**THE TASK**
Return the full listing character for character, without its pictures.
DATA PROVIDED START
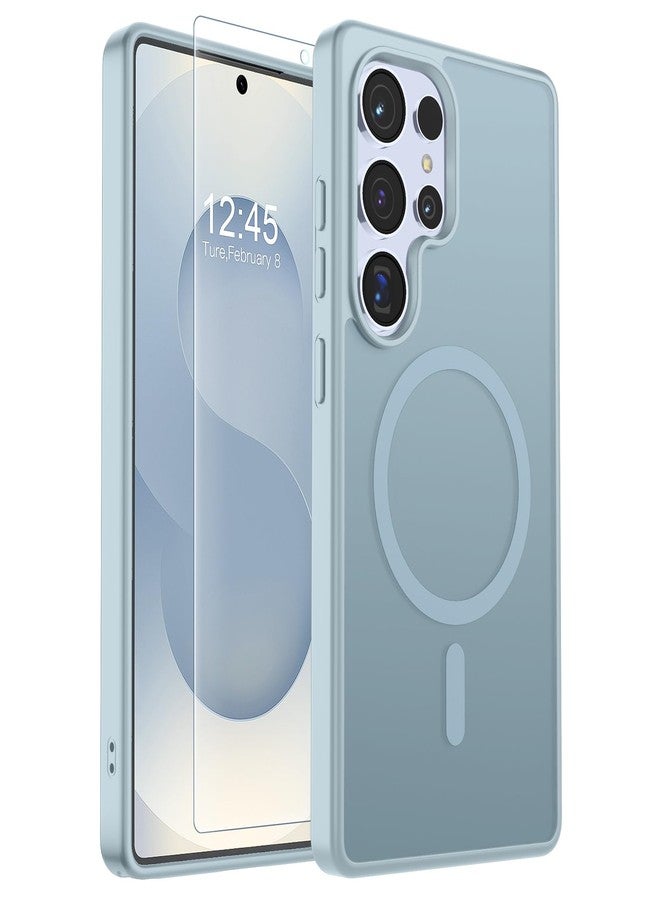 SUPFINE Magnetic for Samsung Galaxy S25 Ultra Case(Compatible with MagSafe) (Military Grade Drop Protection) Slim Translucent Shockproof Phone Case,Sliver Blue - Image 1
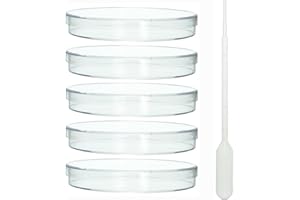 Norchemist Petri Dishes with Lids, 50 Pack 90mm Dia x 15mm Deep Plastic Container Plus 50 pcs Plastic Transfer Pipettes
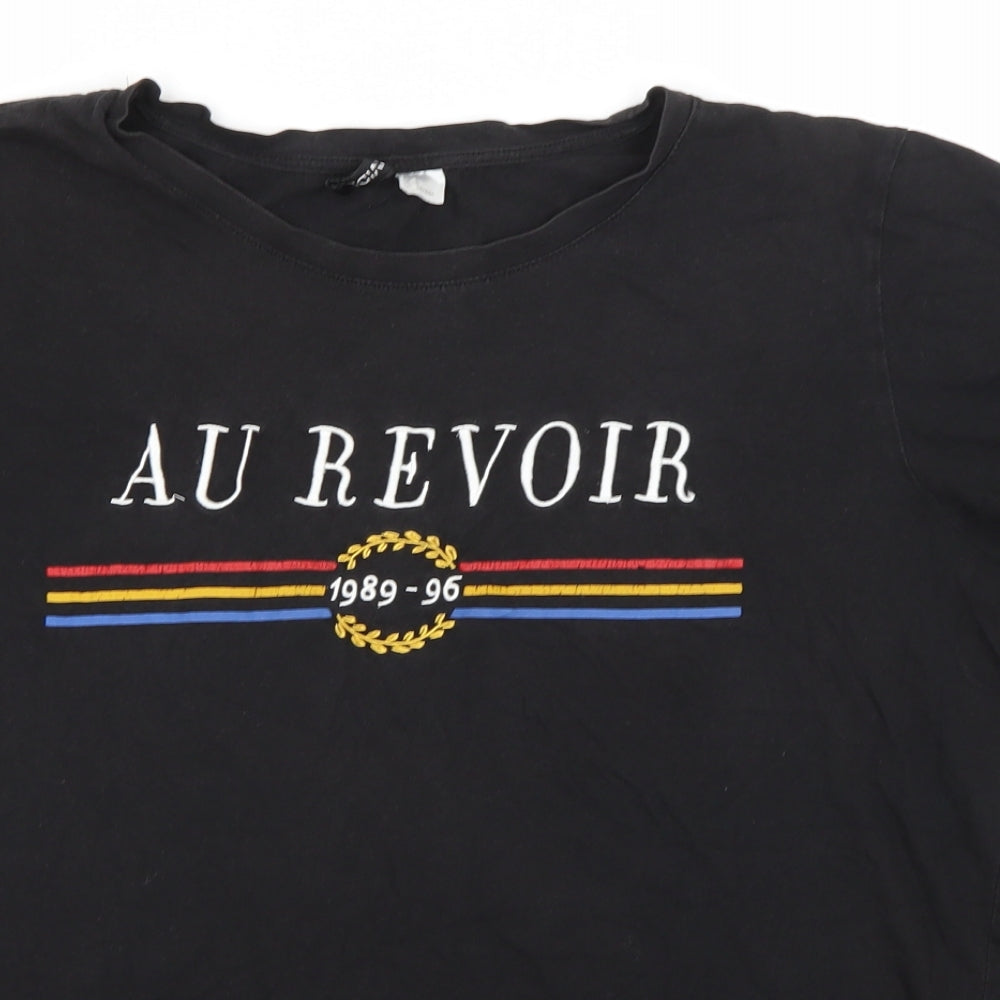 Divided Womens Black   Basic T-Shirt Size L Round Neck - Au Revoir 1989 - 96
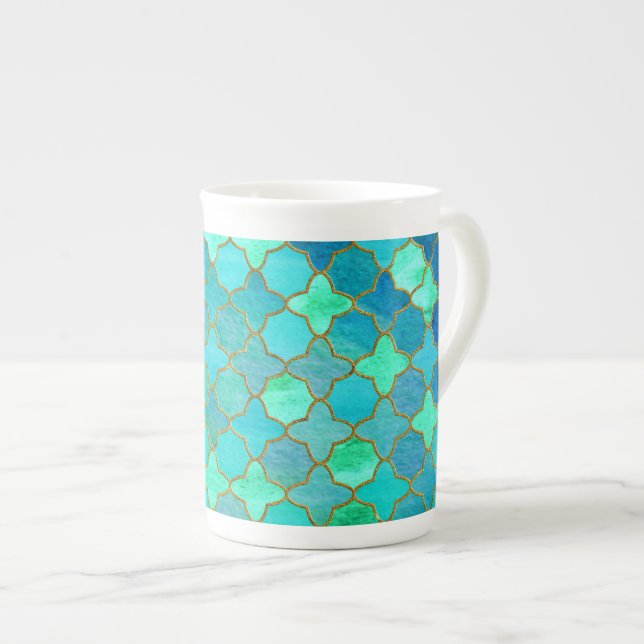 Mint Aqua Teal Gold Oriental Moroccan Tile pattern Bone China Mug (Front Right)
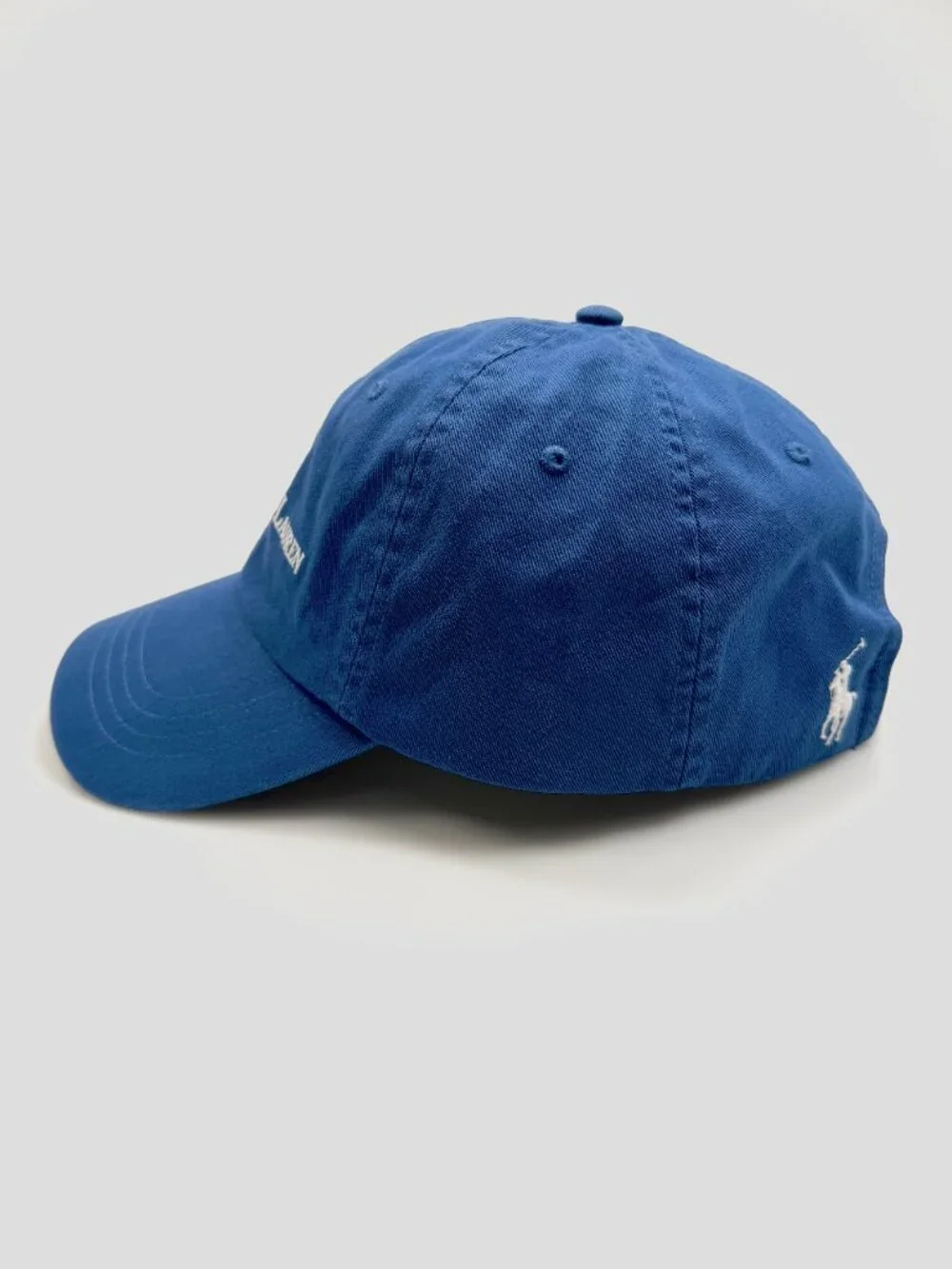 NWT POLO RALPH LAUREN EARTH BLUE SPELL OUT COTTON TWILL HAT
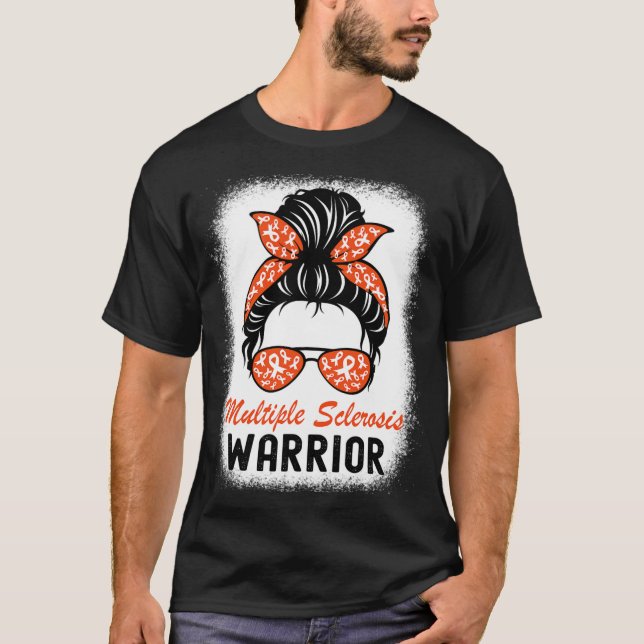 T-shirt Sclérose Guerrier Ms Awareness Messy Bun (Devant)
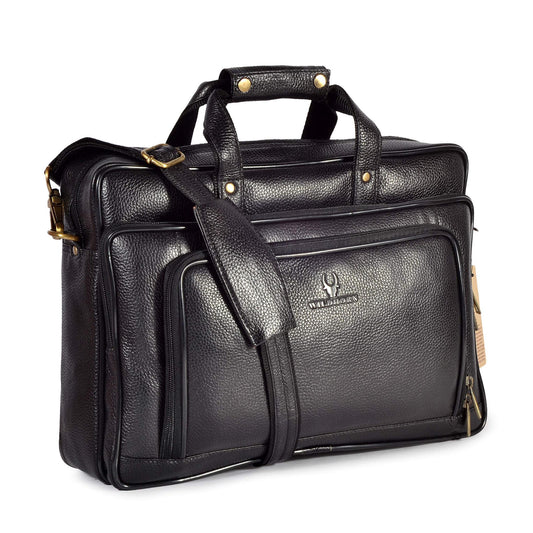 NORTH DAKOTA Leather Laptop Messenger Bag for Men - WILDHORN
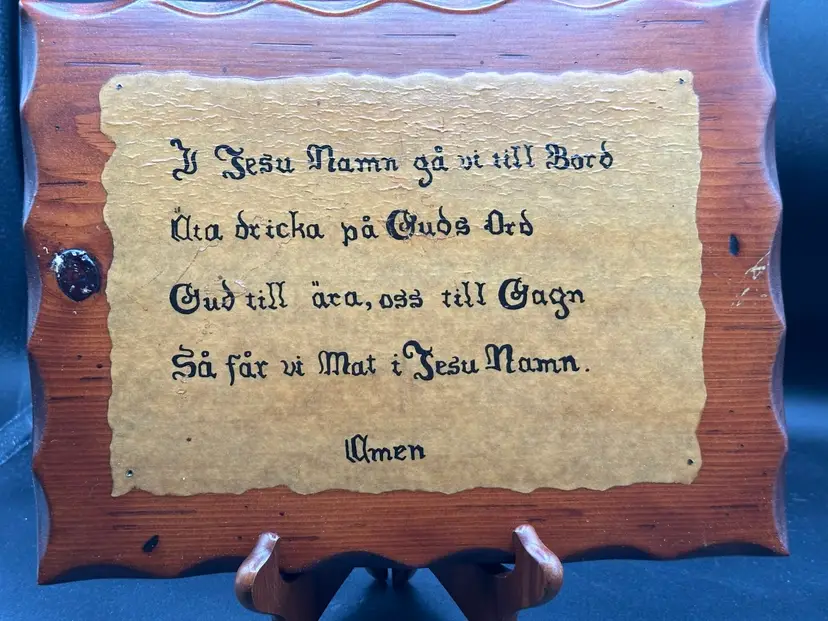 Vintage Decoupage Wood Plaque Cottage Wall Art Swedish Prayer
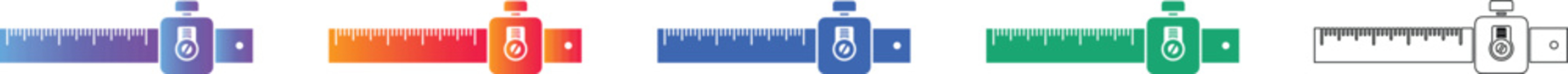 Precision Measuring Gauge Vector Icon Set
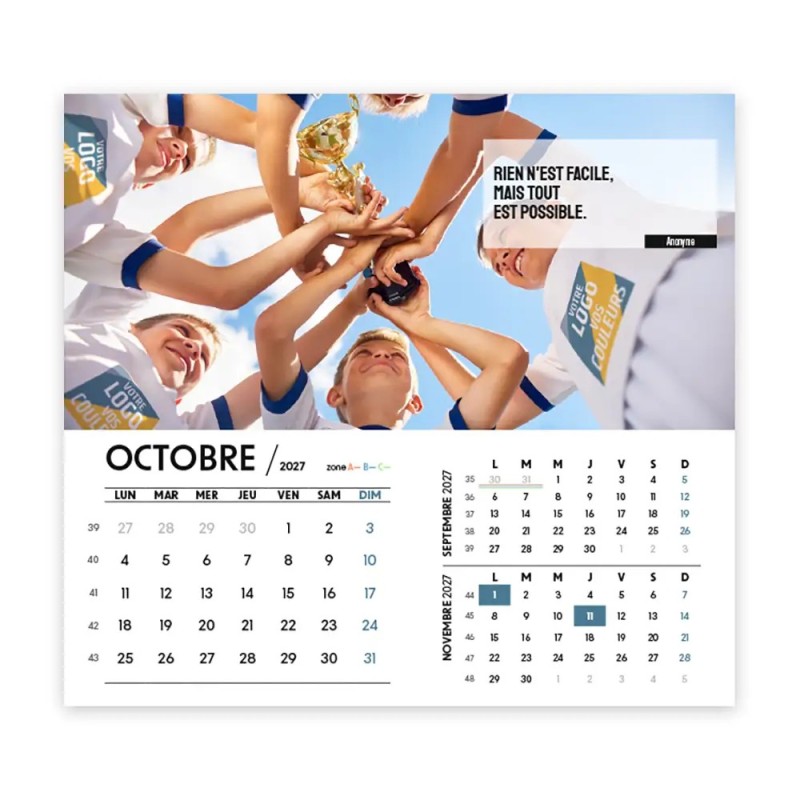 Calendrier chevalet intégral (15x18 cm) personnalisé - Logo intégré Valeurs du sport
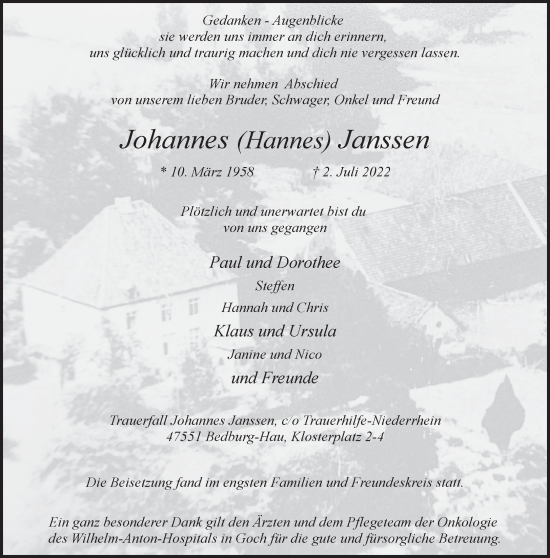 Traueranzeige von Johannes Janssen 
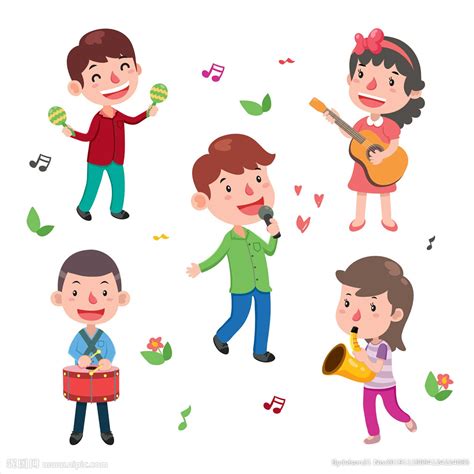 卡通跳舞唱歌的小孩png图片免费下载-素材7SzjUkakg-新图网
DATA PROVIDED END
**TASK SOLUTION**
 SUPFINE Magnetic for Samsung Galaxy S25 Ultra Case(Compatible with MagSafe) (Military Grade Drop Protection) Slim Translucent Shockproof Phone Case,Sliver Blue - Image 1
 Norchemist Petri Dishes with Lids, 50 Pack 90mm Dia x 15mm Deep Plastic Container Plus 50 pcs Plastic Transfer Pipettes
 Divided Womens Black   Basic T-Shirt Size L Round Neck - Au Revoir 1989 - 96
 Mint Aqua Teal Gold Oriental Moroccan Tile pattern Bone China Mug (Front Right)
 NWT POLO RALPH LAUREN EARTH BLUE SPELL OUT COTTON TWILL HAT
 T-shirt Sclérose Guerrier Ms Awareness Messy Bun (Devant)
 NORTH DAKOTA Leather Laptop Messenger Bag for Men - WILDHORN
 Vintage Decoupage Wood Plaque Cottage Wall Art Swedish Prayer
 Precision Measuring Gauge Vector Icon Set
 Calendrier chevalet intégral (15x18 cm) personnalisé - Logo intégré Valeurs du sport
 Traueranzeige von Johannes Janssen 
 卡通跳舞唱歌的小孩png图片免费下载-素材7SzjUkakg-新图网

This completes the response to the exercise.